> _What you will do_: Going down the data below, set down exactly the line with "Buck Knives 840" and each line after it through the line with "Courreges 🔥 COURREGES"; no other lines.

> _Record set_:

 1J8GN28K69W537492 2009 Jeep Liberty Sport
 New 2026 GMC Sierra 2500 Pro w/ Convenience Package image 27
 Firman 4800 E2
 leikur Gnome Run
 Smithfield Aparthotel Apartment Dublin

==

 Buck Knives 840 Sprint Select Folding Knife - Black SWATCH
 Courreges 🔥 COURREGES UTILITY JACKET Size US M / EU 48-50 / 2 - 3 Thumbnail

> _Task solution_:
 Buck Knives 840 Sprint Select Folding Knife - Black SWATCH
 Courreges 🔥 COURREGES UTILITY JACKET Size US M / EU 48-50 / 2 - 3 Thumbnail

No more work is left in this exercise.